When I Left That School (1)
(1st of 5 parts)
One of my favorite poems is W.E. Henley’s “Invictus.” The part I love the most are the last two lines – “I am the master of my fate: I am the captain of my soul.” It taught me one very simple yet strong guiding principle in life – that I am in-charge of my own destiny. It influenced me to subscribe strongly to the notion that “man’s destiny is the sum total of all the decisions he makes.” Thus, I never decide hastily.
Just like when I made a very important career decision. For the skeptics among my loved ones and friends, it was a very unpopular move. For me, it was something that I ought to do, something carefully planned. It seemed to be a leap of faith. The outcome, however, is something that I did not consider as unknown but anything – except failure.
“Why turn your back from a tenured position and a good salary?”

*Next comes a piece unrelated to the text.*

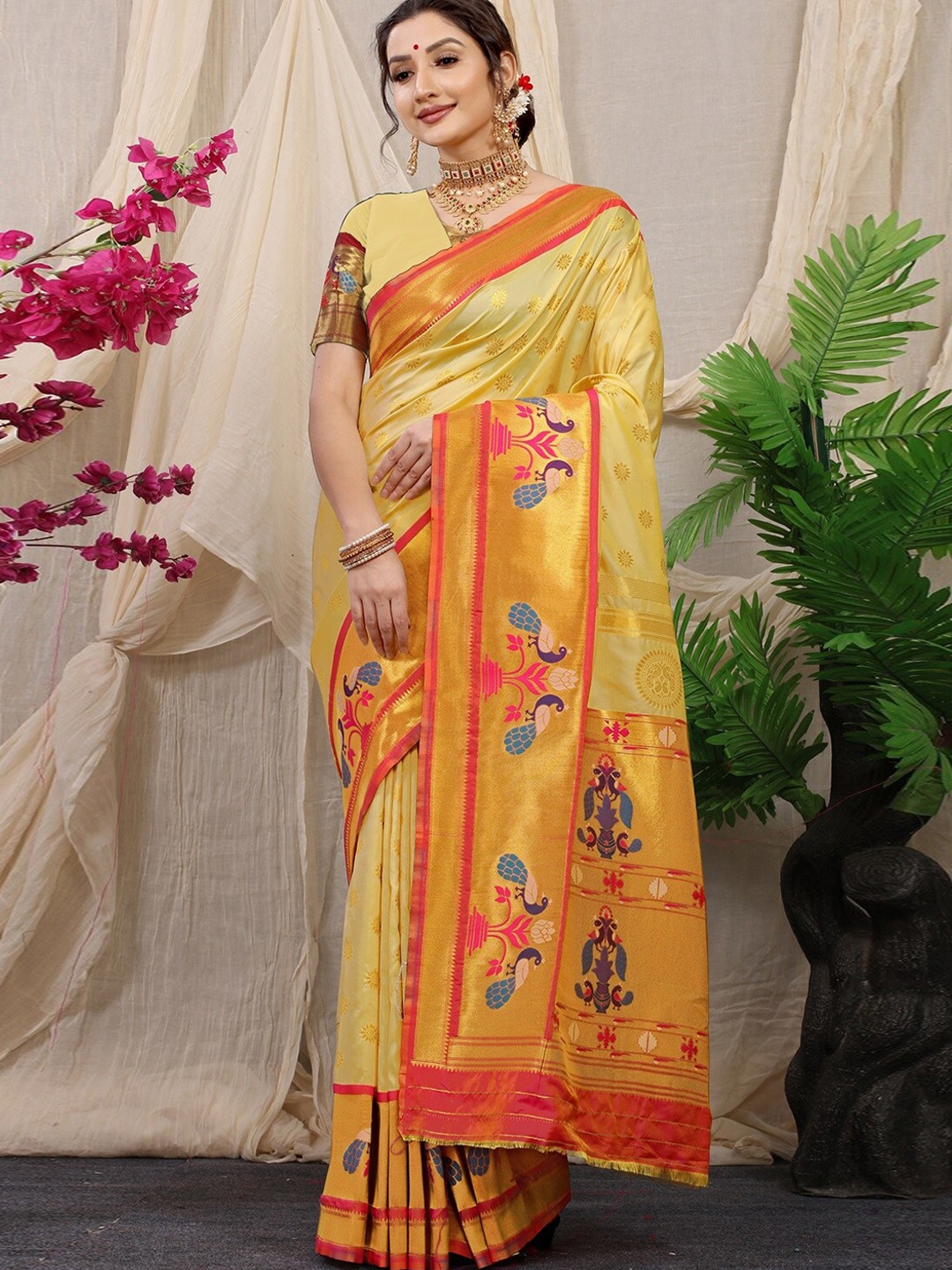 

CANIZZARO Ethnic Motifs Woven Design Zari Pure Silk Paithani Saree, Gold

That was the common question my colleagues, friends, and loved ones asked me after hinting that I wanted to leave an institution ran by one of the country’s largest religious congregations. They didn’t seem able to tell me directly to my face that I was a fool. My wife did not disappoint me however. “You’re out of your mind.” Those were her exact words. “Why not wait another year so you can get the school’s share of the retirement fund?” she suggested.
I knew where my wife was coming from. She’s a very practical person. I was nearing the end of my ninth year in a Catholic institution at that time. Leaving the school without completing at least ten years would entitle me only to a refund of the total amount deducted from my salary over the years I had stayed there with nothing from the organization.
On top of that, travel time from our house to the workplace was only less than 20 minutes. That convenience I may be giving up should I leave and not find a work in the same area.
She told me, “Just for once put aside your pride.” My response was, “NO! This has nothing to do with pride.” Then we had a lengthy debate about the financial ramifications of my decision and the corresponding uncertainties it would bring. I had a full understanding of the decision I was about to make and what the consequences would be. At that moment there was something I valued more than convenience and money – my dignity as a person and my role as a professional in my chosen field as an educator.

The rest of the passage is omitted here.